WORK REQUEST> Write out the opening lines of the data word for word, up to and including the line with "Rosa Kondom-Verpackungen mit", and leave every picture and every later line out.

GIVEN INFORMATION>
┄┄┄┄┄┄┄┄┄┄┄┄┄┄┄┄┄┄┄┄

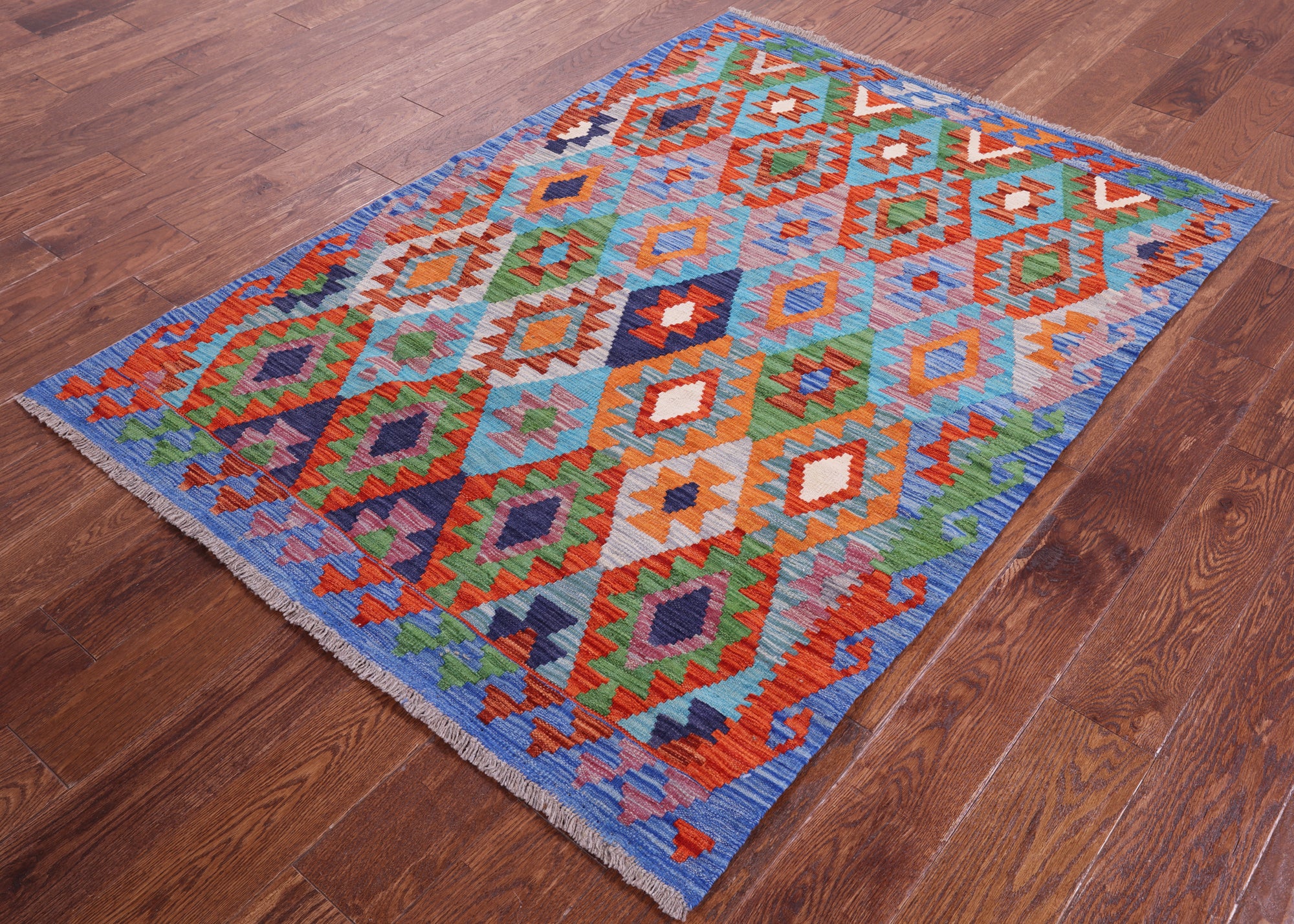 Reversible Kilim Flat Weave Wool On Wool Rug - 4' 0" X 5' 6" - Golden Nile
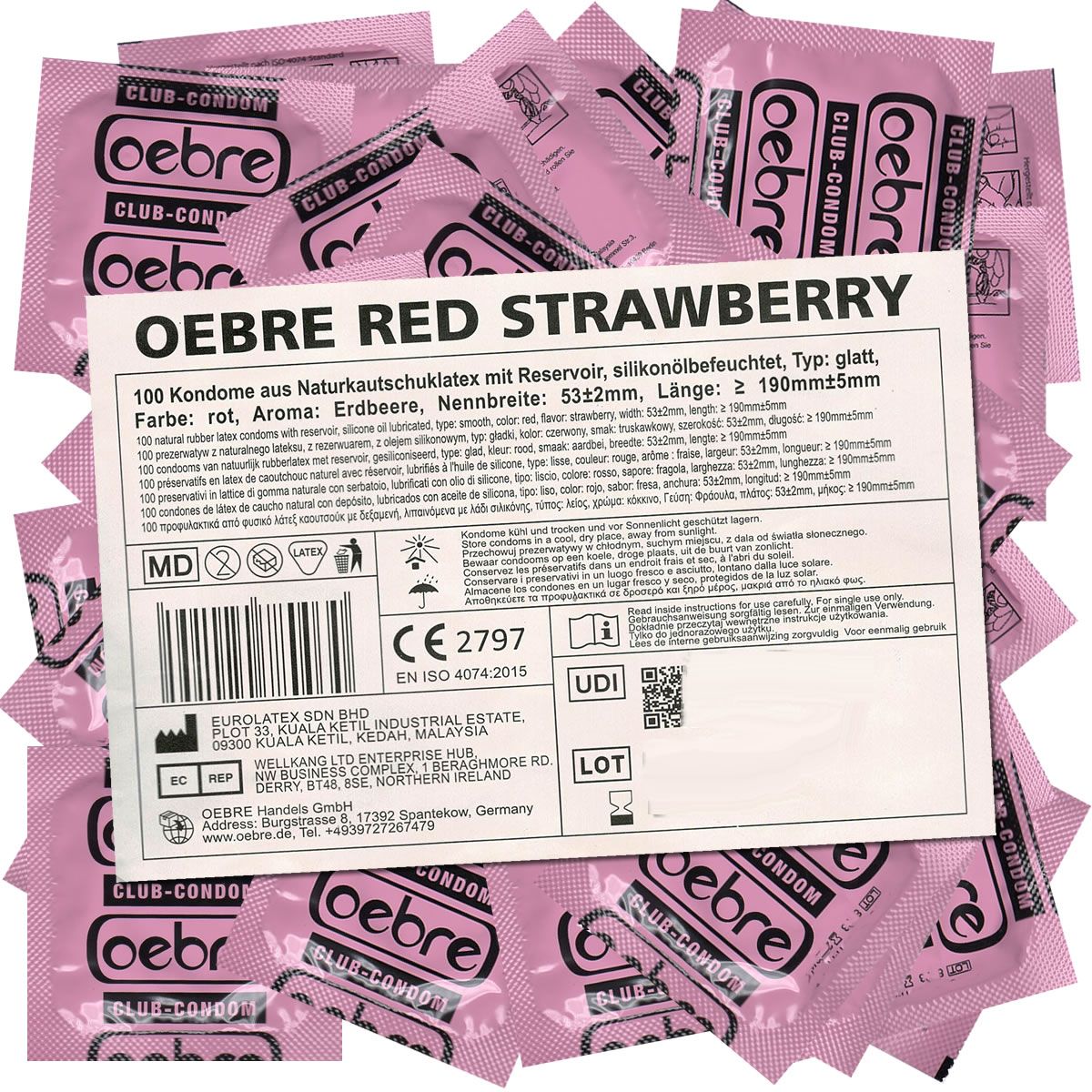 Rosa Kondom-Verpackungen mit dem Logo "oebre". Ein Etikett zeigt Produktinformationen, einschließlich "OEBRE RED STRAWBERRY" und Zertifizierungen.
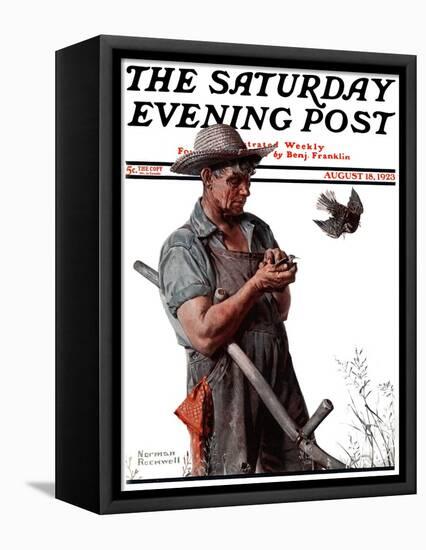 "Farmer and the Bird" or "Harvest Time" Saturday Evening Post Cover, August 18,1923-Norman Rockwell-Framed Premier Image Canvas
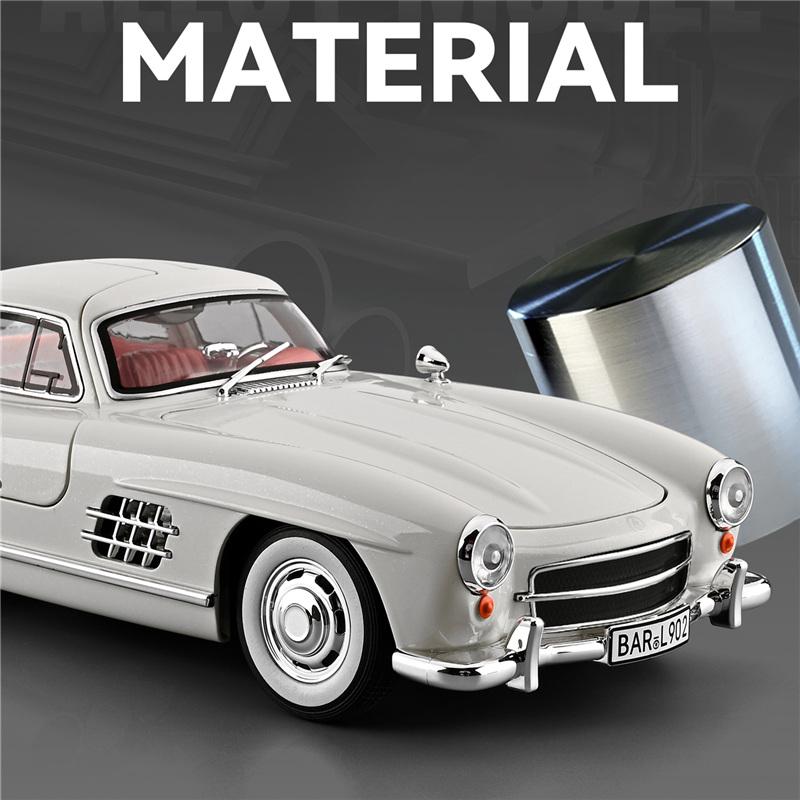 1/18 Benz 300SL Legering Klassisk Sportsbil Modell Støpte Metall Retro Gamle Kjøretøy Bilmodell Høy Simulering Lyd Lys Leker for Barn Gave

┄┄┄┄┄┄┄┄┄┄┄┄┄┄┄┄┄┄┄┄

TASK SOLUTION>
 Reversible Kilim Flat Weave Wool On Wool Rug - 4' 0" X 5' 6" - Golden Nile
 Rosa Kondom-Verpackungen mit dem Logo "oebre". Ein Etikett zeigt Produktinformationen, einschließlich "OEBRE RED STRAWBERRY" und Zertifizierungen.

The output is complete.